What to do ▸
Look through the material below and count the lines that hold "Diary". Give that number by itself.

Entries shown ▸
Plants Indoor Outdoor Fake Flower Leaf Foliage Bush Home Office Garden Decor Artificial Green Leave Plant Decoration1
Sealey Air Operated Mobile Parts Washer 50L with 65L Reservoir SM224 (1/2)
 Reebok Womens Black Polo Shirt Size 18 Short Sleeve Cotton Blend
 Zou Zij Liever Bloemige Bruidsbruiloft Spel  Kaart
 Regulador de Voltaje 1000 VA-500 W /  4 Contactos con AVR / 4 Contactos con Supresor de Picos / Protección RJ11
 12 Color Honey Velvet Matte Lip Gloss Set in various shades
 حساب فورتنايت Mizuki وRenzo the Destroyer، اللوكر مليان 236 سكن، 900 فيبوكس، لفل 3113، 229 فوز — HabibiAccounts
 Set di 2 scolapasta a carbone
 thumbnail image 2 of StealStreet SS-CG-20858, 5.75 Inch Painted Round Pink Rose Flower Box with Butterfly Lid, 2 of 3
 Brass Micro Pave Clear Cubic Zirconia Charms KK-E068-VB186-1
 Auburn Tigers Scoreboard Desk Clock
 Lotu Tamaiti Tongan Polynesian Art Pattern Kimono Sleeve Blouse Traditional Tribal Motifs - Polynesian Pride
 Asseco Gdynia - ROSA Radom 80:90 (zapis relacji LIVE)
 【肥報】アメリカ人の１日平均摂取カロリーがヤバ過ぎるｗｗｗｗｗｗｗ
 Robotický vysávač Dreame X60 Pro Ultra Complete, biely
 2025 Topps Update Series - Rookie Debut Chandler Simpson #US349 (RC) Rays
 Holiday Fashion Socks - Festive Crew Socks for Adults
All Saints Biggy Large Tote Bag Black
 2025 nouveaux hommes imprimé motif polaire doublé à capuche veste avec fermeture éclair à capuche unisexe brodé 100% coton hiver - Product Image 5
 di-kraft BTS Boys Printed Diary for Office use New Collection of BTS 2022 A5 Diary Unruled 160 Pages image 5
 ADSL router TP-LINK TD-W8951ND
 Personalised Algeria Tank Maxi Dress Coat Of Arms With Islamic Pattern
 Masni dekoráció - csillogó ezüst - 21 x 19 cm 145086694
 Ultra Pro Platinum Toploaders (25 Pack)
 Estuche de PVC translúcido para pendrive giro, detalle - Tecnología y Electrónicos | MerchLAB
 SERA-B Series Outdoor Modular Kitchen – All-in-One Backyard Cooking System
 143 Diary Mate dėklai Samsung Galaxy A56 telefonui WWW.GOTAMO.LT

Solution to this exercise ▸
2